Making Sense of Simulation

Posted

I ended yesterday’s post by saying that we need to collect some data and do a bit of analysis. SimPy doesn’t do monitoring out of the box, so we have to roll our own.

Tracking Time in Tasks

The first step is to update the class that represents a task so that it can keep track of how much time it takes. To do this, we add two fields called ._current (the most recent start-of-work time) and ._elapsed (the total time so far). We then add three methods: .start to signal the start of work, .end to signal the end of work, and .is_complete so that we can ask if the task has been completed:

class TaskRecorder:
    """Task with uniformly-distributed durations that records activity."""

    _id = count()

    def __init__(self, params):
        self._id = next(TaskRecorder._id)
        self._duration = TaskRecorder.duration(params)
        self._elapsed = 0.0
        self._current = None

    def start(self, env):
        assert self._current is None
        self._current = env.now

    def end(self, env):
        assert self._current is not None
        self._elapsed += env.now - self._current
        self._current = None

    def is_complete(self):
        return (self._current is None) and (self._elapsed > 0.0)

The logic of .is_complete needs a bit of explanation. When the task is initially created, its current start time is None. When it is being executed, ._current records the (simulated) time at which work started, and when it’s done, we re-set ._current to None and record the elapsed time in ._elapsed. The task is therefore complete if ._current is None and some elapsed time has been set.

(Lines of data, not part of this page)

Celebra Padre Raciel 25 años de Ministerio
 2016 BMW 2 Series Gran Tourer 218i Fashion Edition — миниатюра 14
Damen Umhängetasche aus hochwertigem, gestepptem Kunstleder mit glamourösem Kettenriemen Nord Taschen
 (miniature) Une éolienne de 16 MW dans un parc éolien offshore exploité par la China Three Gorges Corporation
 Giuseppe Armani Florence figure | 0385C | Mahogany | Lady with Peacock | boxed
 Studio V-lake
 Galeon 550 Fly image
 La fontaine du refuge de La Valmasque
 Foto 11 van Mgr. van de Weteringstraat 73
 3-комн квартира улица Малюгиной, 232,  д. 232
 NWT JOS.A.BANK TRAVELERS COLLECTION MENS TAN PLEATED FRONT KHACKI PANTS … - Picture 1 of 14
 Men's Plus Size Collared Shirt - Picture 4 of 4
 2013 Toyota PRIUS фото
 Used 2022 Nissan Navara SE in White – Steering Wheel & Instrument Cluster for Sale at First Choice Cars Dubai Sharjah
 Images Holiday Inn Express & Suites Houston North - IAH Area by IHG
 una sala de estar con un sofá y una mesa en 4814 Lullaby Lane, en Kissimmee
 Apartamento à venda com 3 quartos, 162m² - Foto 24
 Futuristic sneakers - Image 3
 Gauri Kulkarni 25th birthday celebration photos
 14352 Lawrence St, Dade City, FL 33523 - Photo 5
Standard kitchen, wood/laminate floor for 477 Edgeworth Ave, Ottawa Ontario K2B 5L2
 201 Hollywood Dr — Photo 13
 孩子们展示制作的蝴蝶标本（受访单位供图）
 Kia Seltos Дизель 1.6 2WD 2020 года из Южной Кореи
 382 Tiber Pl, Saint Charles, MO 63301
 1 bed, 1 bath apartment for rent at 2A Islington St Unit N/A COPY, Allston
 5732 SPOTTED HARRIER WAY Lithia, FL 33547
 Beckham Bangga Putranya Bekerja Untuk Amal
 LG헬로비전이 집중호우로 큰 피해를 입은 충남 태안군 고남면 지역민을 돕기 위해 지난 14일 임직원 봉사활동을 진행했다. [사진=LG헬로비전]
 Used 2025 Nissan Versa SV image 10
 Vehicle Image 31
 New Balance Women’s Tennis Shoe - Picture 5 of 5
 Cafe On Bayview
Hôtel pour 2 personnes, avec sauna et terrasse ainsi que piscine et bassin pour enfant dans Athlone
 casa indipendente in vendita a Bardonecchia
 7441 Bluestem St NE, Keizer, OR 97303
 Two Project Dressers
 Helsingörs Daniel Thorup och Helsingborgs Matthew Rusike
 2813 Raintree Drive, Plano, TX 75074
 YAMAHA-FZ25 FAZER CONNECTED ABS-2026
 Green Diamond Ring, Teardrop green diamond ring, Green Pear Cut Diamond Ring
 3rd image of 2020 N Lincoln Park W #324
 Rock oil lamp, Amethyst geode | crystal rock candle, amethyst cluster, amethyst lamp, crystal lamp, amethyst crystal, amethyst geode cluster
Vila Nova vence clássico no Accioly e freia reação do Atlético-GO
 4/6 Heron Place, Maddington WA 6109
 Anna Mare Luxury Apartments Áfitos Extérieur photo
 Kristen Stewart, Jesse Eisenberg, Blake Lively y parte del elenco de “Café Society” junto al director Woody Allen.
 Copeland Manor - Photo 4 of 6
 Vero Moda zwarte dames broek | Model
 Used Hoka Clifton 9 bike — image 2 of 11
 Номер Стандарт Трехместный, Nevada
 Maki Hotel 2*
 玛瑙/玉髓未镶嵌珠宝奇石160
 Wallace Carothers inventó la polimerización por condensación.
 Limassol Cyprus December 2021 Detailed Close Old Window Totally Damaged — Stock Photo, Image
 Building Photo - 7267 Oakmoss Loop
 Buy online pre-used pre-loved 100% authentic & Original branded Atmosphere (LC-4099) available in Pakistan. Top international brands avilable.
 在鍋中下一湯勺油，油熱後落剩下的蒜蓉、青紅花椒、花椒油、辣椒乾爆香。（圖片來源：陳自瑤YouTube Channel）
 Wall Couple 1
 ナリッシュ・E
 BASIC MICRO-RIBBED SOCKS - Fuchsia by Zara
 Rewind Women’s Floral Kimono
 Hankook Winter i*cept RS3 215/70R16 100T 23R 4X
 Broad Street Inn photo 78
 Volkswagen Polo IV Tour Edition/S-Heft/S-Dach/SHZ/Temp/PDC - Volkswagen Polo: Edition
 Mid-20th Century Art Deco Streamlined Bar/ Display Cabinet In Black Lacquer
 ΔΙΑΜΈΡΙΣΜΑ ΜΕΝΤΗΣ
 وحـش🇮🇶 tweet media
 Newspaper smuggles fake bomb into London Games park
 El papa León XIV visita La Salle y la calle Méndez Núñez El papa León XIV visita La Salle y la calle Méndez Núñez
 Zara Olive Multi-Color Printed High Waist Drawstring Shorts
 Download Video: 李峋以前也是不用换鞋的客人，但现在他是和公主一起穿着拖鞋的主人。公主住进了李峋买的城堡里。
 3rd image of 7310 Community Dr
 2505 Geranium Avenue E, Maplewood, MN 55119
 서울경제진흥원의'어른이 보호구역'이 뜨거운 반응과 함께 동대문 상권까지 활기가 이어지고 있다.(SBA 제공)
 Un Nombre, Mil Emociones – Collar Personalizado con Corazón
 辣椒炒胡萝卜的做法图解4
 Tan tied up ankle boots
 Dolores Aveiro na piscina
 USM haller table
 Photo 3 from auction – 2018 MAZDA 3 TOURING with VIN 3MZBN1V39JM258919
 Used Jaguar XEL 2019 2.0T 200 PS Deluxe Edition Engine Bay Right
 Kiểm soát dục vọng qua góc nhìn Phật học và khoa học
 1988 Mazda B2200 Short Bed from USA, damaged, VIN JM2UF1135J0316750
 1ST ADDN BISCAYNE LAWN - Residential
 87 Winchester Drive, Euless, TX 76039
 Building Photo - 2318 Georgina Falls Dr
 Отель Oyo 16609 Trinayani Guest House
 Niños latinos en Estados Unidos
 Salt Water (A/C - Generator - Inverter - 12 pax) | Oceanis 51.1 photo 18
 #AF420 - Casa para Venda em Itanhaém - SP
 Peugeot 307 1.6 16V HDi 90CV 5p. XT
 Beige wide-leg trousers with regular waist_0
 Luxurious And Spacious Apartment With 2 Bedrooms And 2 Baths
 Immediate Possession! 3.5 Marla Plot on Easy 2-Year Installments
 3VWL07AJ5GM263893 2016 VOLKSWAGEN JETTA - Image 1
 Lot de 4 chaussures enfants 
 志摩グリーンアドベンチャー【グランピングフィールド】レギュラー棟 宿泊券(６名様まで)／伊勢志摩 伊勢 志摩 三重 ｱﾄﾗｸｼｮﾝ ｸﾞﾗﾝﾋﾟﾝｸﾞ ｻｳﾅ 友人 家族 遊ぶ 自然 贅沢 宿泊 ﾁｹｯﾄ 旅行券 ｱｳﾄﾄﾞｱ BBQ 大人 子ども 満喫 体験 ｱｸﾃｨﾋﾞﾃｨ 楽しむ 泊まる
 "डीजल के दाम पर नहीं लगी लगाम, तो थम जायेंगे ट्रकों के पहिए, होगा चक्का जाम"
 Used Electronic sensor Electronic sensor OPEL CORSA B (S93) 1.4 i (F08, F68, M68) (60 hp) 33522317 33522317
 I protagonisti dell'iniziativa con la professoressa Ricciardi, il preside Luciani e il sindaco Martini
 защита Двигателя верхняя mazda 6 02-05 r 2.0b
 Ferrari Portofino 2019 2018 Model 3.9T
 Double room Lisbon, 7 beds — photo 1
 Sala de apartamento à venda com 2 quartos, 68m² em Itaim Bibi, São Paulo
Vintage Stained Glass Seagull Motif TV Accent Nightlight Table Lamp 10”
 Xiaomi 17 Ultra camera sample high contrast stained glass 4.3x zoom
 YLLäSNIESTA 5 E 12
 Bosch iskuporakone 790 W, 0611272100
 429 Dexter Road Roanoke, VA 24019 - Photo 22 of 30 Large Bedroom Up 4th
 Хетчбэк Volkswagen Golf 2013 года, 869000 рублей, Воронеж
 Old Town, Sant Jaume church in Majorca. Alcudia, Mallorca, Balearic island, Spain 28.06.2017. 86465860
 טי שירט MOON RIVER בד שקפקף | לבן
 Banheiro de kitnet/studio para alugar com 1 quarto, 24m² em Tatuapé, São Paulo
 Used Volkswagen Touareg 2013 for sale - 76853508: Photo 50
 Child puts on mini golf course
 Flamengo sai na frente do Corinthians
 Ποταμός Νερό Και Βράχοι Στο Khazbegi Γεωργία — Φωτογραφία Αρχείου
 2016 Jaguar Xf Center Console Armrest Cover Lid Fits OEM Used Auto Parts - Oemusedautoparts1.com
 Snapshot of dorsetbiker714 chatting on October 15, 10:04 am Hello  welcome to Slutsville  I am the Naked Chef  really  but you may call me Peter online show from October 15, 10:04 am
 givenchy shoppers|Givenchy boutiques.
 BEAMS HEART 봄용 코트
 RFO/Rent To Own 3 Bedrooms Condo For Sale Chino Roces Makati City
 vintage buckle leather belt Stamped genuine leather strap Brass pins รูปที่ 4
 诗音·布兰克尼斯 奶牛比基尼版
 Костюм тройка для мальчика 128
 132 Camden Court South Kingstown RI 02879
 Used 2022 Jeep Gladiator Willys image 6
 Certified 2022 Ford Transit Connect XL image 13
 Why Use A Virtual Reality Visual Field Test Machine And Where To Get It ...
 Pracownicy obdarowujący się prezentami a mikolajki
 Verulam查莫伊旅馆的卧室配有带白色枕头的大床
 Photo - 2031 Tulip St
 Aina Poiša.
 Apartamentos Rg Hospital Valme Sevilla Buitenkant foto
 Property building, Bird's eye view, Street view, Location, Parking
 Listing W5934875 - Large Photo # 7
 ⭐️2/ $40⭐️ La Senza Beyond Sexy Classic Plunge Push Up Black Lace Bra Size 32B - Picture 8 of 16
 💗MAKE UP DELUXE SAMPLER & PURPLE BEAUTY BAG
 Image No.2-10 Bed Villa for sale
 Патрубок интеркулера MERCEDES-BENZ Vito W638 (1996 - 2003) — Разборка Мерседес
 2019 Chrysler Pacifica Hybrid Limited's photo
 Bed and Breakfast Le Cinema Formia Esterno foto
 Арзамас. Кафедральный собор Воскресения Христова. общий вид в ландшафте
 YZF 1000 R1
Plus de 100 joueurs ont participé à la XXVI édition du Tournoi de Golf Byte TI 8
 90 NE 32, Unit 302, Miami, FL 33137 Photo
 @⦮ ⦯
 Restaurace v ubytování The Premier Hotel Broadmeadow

With this in place, we can modify the generator that simulates task execution to signal the start and stop of work:

def simulate_task(env, developers, task):
    """Simulate a task flowing through the system."""

    task.start(env)
    with developers.request() as req:
        yield req
        yield env.timeout(task._duration)
        task.end(env)

(We pass the simulation environment env to task.start and task.end so that the task can check the current simulated time with sim.now.)

Gathering Statistics

Now that each task is recording its elapsed time, we need to gather statistics for all of them. Let’s go back to the TaskRecord class and have each new task add itself to a list owned by the class:

class TaskRecorder:
    """Task with uniformly-distributed durations that records activity."""

    previous code
    _all = []

    def __init__(self, params):
        previous code
        TaskRecorder._all.append(self)

When the simulation is finished, we can walk through this list to find out how much time was spent on each task and whether that task was completed or not:

PRECISION = 2


def write_log(params, stream):
    """Create and write entire log."""

    log = [("kind", "id", "elapsed", "completed")]
    log.extend([
        ("task", x._id, round(x._elapsed, PRECISION), x.is_complete())
        for x in TaskRecorder._all
    ])
    total = sum(x._elapsed for x in TaskRecorder._all)
    log.append(("total", "task", round(total, PRECISION), None))
    csv.writer(stream, lineterminator="\n").writerows(log)


def main(params):
    previous code
    write_log(params, sys.stdout)

Let’s run it for 100 simulated timesteps with two developers:

kind,id,elapsed,completed
task,0,1.09,True
task,1,3.69,True
task,2,2.74,True
…,…,…,…
task,39,0.0,False
task,40,0.0,False
task,41,0.0,False
total,task,378.68,

Cool! Our simulation is working—except it isn’t.

Don’t Trust, Just Verify

Take a look at the last line of the output shown above. It’s telling us that our workers did a total of 378.68 timesteps of work during this simulation, but that’s impossible: we have two developers and the simulation ran for 100 timesteps, so even if both developers were busy 100% of the time, they couldn’t have done more than 200 timesteps of work. What’s gone wrong?

The answer lies in simulate_task, which we reproduce here from above:

def simulate_task(env, developers, task):
    task.start(env)
    with developers.request() as req:
        yield req
        yield env.timeout(task._duration)
        task.end(env)

The problem is that we’re including the time the task spends waiting for a developer in our measure of how long the task was worked on. The fix is to move task.start after yield req, so that we start the task’s clock when we start work on it:

def simulate_task(env, developers, task):
    with developers.request() as req:
        yield req
        task.start(env)
        yield env.timeout(task._duration)
        task.end(env)

When we re-run the simulation with the same parameters, we get:

kind,id,elapsed,completed
task,0,1.09,True
task,1,3.69,True
task,2,2.74,True
…,…,…,…
task,39,0.0,False
task,40,0.0,False
task,41,0.0,False
total,task,149.41,

This result is physically plausible but still puzzling: why are the developers only busy 75% of the time? Let’s try running the simulation for 100,000 timesteps instead:

…,…,…,…
total,task,199961.93,

That works out to 99.98% utilization, so the earlier figure of 75% seems to be due to warmup effects.

What We’ve Learned

What I learned from this bug is that badly-designed measurements can produce numbers that are wrong without being obviously wrong. I didn’t immediately notice that worker utilization in the buggy simulation was impossible; I don’t believe I would have noticed at all if the measure or the simulation were more complicated. As I build more realistic simulations, I’m going to add checks on the results based on the properties of the model (e.g., “we can’t have done more work than is physically possible”). Similarly, when we start to monitor real developers, I’m going to think very carefully about whether what I’m measuring is measuring what I want to.

I also have to go back and figure out exactly what “warmup effects” means: right now, I’m just waving my hands and hoping you won’t notice that I glossed over that.